My work as a cellist and composer is at the intersection of East and West, of tradition and innovation, of the human and the natural, of artisanal and technological. I play the cello either in unusual ways, or unusual places. My project over the last year, creating musical interventions along the hidden creeks and streams of Oakland, is one such project. It explores the presence of nature in the urban environment, the contrast between the overgrown creek banks and the concrete culverts that funnel the water and keep it from interfering with human life. By bringing instruments made of wood, handcrafted by humans, and representing sometimes very old traditions, we can give them a new voice that connects with the sounds of flowing water, of soundscapes of birds, of wind funneled through the channels in the geographical context of city life. Water itself is a perfect metaphor for the streams of music which we bring together.

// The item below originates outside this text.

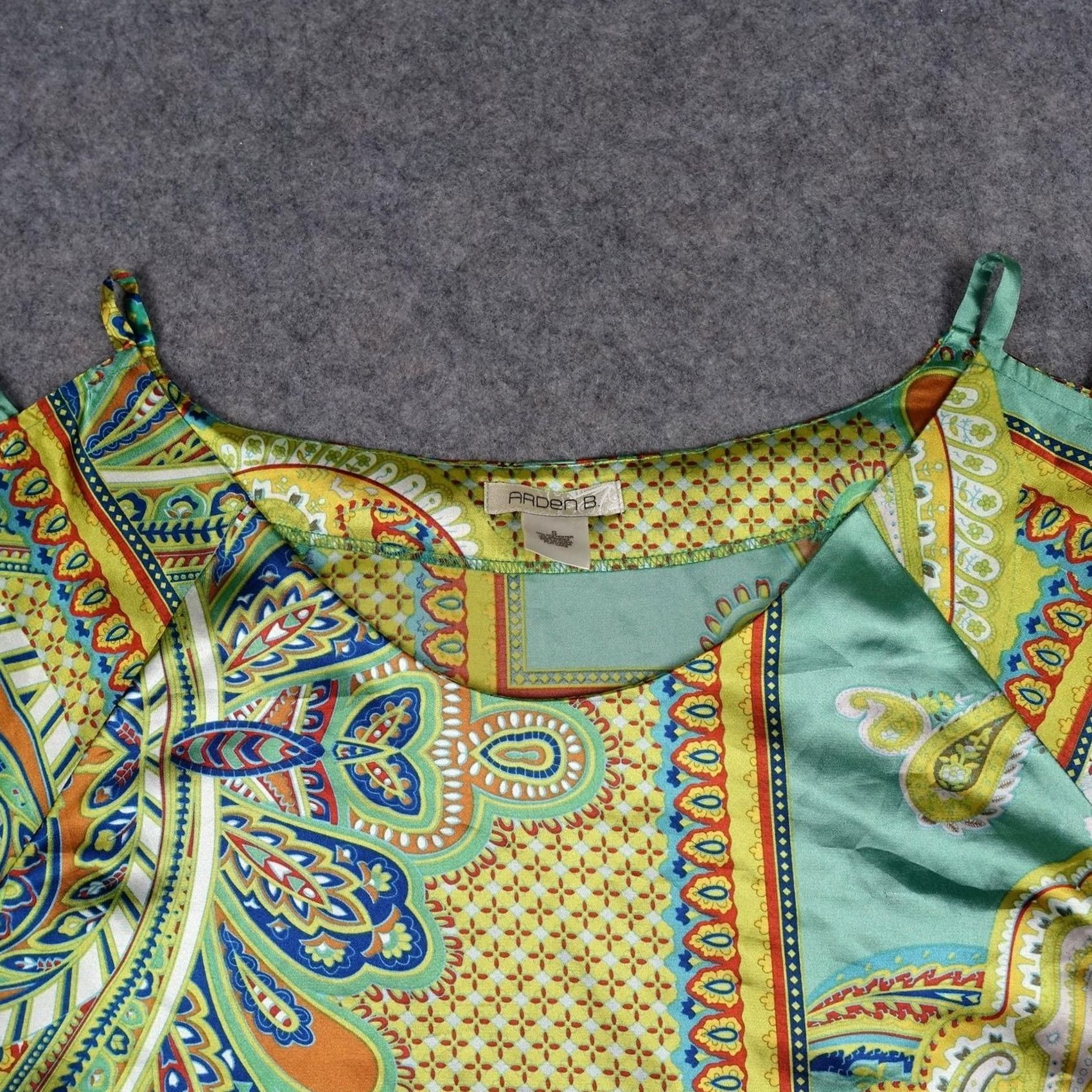 Vintage Arden B Shirt Womens S Green Paisley Print Satin Boho Tunic Top Vintage Y2K Dressy Blouse Womens Size S / US 4 / IT 40 - 2 Thumbnail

I invite musicians to collaborate on a response to the stimuli of nature, which tends to invisibly surround us in the city, and make something very new and illuminating in the process. I was pleased to discover the videographer Darren Hawk, who specializes in documenting 'plein-air' music, to assist in this project. The two most recent musicians were Damon Smith, contrabass, and Ma Jie, Chinese pipa. Leaving the concert hall and the centuries-old traditions of our instruments behind, the act of situating a performance in nature creates a deliberate intersection, one which takes a single trajectory from the past, and creates further possibility for the future. At the same time, sonic ideas from Chinese tradition are borrowed by Western musicians, the kind of intersection that a diverse community like the East Bay provides.